A birth rate “bulge” among the rising fives has been blamed on the shortage of space in the classrooms at primary schools in the area.
Ward councillor Ann Shackleton described the situation as “extremely worrying” and is calling for urgent talks with Sandwell Council education chiefs.
She said more than 60 children did not get their first choice and several are either still at home six weeks into the term or are having to travel to schools in other towns.
“There are a lot of worried and unhappy families and we are trying to sort this out as a matter of urgency,” said Cllr Shackleton.
Timbertree Primary School in Cradley Heath had 40 children apply for 30 places and still has a dozen youngsters on its waiting list.
Headteacher Hayley Walker said it was “a major issue,” which she believes should have been foreseen by the council and action taken earlier.
“For children to miss the first term or two of their school life will cause massive educational damage to them. It is absolutely crucial to get a good start.
“The year one phonics testing, for example, is based on six terms work.
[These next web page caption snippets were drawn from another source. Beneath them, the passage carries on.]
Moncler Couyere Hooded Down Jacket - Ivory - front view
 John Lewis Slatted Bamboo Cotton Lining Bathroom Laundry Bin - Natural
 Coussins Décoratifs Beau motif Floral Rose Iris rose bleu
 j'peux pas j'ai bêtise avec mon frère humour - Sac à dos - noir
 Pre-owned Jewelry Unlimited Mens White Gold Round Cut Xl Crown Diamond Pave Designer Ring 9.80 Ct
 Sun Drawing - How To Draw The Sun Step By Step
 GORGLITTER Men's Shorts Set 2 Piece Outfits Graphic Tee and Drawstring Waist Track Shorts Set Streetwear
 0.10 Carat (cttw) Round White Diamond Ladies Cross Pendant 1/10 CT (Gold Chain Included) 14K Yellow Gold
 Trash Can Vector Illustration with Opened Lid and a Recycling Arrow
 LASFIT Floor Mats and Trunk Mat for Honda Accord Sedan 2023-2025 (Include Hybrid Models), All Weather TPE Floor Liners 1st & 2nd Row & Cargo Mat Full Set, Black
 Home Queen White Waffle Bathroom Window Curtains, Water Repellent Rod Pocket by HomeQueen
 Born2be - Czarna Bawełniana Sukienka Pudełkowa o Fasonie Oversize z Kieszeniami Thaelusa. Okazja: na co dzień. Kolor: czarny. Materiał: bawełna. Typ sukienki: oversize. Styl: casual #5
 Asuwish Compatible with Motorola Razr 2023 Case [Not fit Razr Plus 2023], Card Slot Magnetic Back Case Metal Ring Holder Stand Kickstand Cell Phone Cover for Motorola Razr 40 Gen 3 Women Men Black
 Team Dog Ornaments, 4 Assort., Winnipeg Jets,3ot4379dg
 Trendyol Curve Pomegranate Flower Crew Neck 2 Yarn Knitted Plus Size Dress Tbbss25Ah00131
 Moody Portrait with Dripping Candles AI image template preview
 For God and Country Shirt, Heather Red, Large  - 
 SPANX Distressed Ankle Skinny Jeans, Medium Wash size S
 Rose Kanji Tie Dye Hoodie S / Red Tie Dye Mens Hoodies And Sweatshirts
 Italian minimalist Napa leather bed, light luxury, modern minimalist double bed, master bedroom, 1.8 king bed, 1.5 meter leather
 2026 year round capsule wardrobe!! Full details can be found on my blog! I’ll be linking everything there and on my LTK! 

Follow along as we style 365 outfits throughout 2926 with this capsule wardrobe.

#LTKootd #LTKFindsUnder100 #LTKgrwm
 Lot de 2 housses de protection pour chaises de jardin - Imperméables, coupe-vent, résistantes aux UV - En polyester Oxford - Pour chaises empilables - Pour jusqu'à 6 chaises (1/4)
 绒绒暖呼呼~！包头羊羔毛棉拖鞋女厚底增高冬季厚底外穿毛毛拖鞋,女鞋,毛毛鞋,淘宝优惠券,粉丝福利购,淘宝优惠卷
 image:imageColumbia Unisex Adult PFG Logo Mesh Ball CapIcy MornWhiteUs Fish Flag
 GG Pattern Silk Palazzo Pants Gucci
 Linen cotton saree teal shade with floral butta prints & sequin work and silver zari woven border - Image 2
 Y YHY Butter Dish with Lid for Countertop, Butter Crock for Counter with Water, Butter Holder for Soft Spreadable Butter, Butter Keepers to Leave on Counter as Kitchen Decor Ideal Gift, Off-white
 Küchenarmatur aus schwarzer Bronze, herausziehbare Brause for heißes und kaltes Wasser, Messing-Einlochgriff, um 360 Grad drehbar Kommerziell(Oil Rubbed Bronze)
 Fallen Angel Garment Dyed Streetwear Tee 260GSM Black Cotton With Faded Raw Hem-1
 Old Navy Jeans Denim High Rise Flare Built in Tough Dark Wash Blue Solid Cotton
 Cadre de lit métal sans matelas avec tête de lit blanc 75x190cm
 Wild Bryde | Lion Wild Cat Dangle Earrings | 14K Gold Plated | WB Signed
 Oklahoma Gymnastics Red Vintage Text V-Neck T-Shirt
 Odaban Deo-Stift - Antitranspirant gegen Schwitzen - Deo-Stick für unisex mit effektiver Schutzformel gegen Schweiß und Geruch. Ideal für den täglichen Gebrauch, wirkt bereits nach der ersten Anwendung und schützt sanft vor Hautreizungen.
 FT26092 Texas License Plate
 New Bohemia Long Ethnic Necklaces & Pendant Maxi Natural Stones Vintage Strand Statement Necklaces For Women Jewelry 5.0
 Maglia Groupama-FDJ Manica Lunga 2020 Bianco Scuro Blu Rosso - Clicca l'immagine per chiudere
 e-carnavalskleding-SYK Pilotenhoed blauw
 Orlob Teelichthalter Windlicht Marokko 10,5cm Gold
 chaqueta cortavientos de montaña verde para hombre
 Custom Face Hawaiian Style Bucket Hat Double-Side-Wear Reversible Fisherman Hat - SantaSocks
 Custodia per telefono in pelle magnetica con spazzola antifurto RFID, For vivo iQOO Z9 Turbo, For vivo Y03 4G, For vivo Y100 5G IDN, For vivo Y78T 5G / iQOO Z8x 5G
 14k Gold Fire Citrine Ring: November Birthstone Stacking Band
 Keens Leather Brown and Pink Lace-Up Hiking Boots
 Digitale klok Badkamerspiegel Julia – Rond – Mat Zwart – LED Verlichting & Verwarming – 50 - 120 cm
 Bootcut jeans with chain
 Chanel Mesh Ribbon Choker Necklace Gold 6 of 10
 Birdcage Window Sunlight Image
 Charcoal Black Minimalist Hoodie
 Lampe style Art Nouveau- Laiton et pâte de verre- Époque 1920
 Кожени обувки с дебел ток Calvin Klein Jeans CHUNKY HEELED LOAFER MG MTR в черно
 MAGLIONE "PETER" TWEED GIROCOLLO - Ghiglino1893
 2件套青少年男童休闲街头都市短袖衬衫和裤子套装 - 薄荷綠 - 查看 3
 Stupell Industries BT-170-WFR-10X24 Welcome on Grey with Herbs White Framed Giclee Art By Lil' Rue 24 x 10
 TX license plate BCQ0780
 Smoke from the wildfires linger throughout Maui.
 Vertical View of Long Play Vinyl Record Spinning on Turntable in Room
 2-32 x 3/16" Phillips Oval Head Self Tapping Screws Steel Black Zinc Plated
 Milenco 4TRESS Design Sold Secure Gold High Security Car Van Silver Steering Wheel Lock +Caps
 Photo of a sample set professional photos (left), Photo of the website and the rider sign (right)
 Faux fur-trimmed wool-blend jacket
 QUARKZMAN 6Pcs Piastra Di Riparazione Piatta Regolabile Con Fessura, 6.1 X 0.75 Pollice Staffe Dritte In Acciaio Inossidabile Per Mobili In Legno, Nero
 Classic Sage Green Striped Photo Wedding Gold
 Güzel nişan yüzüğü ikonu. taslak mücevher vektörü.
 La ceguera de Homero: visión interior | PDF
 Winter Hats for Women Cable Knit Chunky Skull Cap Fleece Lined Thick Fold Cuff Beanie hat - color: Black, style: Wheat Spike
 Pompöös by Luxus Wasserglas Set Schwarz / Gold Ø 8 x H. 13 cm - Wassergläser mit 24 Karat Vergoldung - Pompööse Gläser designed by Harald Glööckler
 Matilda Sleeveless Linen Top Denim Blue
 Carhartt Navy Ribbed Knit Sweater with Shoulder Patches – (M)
If they’ve not had that, they will be behind and that’s not fair on them,” said Mrs Walker.
Other Sandwell schools have seen their pupil admission numbers increased - some to as much as three form entry with 90 children in a year group, while most schools in Cradley Heath and Old Hill are single form entry with just 30 places available in each year.
Mrs Walker said a family had moved into Valley Road - just yards from the school during the summer - but their child was forced to go to school in Tipton because there was no room at Timbertree.
Cabinet member of children and young people Councillor Bob Badham said he had only just been told about the problem and would be meeting with local councillors and education officers.
“It is of serious concern and we will obviously investigate these cases. It may be parental choice that these children are not going to school because they didn’t get the school they wanted,” said Cllr Badham.
He hit back at the claim the council had been slow to act, saying it had got “very good figures on birth rates and influx of new families into the borough.”
“We’ve had to concentrate on where there are massive rises in the number of new pupils and are looking at the whole of the borough - this area has not been forgotten,” he said, adding that the education budget had been hit by “draconian cuts” as a result of the Government’s austerity measures.